→ ENTRIES SUPPLIED
* * *

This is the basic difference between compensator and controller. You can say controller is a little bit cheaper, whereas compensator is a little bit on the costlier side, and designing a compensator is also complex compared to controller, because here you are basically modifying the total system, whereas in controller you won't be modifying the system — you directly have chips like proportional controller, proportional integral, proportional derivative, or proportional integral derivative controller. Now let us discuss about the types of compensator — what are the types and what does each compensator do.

* * *

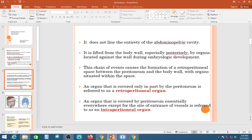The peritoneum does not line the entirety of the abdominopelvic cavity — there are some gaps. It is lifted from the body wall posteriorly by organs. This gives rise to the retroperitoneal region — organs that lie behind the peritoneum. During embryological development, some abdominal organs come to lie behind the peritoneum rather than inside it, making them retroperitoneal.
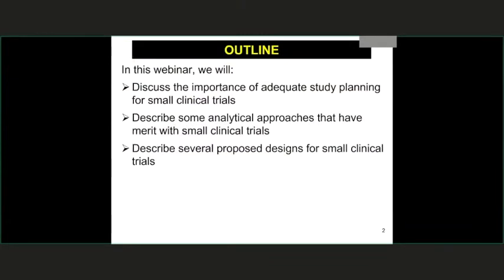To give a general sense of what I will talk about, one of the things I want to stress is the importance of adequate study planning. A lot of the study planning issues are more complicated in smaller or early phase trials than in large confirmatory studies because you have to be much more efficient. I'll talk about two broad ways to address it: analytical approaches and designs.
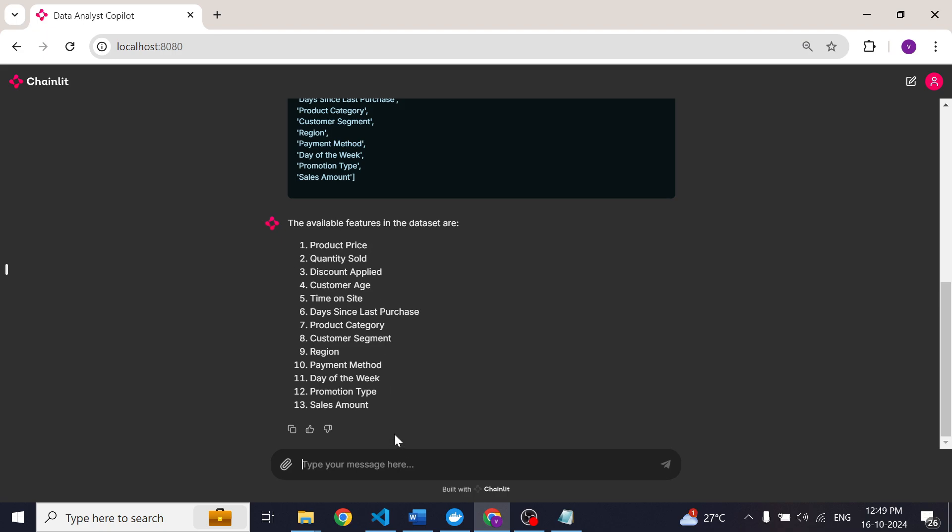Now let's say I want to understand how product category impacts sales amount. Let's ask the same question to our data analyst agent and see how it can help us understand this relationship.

* * *

→ YOUR TASK
Look above for the line with "To give a general" and the line with "Now let's say", then copy them and all lines in between exactly as written, and only those, without any pictures.

→ YOUR RESPONSE
To give a general sense of what I will talk about, one of the things I want to stress is the importance of adequate study planning. A lot of the study planning issues are more complicated in smaller or early phase trials than in large confirmatory studies because you have to be much more efficient. I'll talk about two broad ways to address it: analytical approaches and designs.
Now let's say I want to understand how product category impacts sales amount. Let's ask the same question to our data analyst agent and see how it can help us understand this relationship.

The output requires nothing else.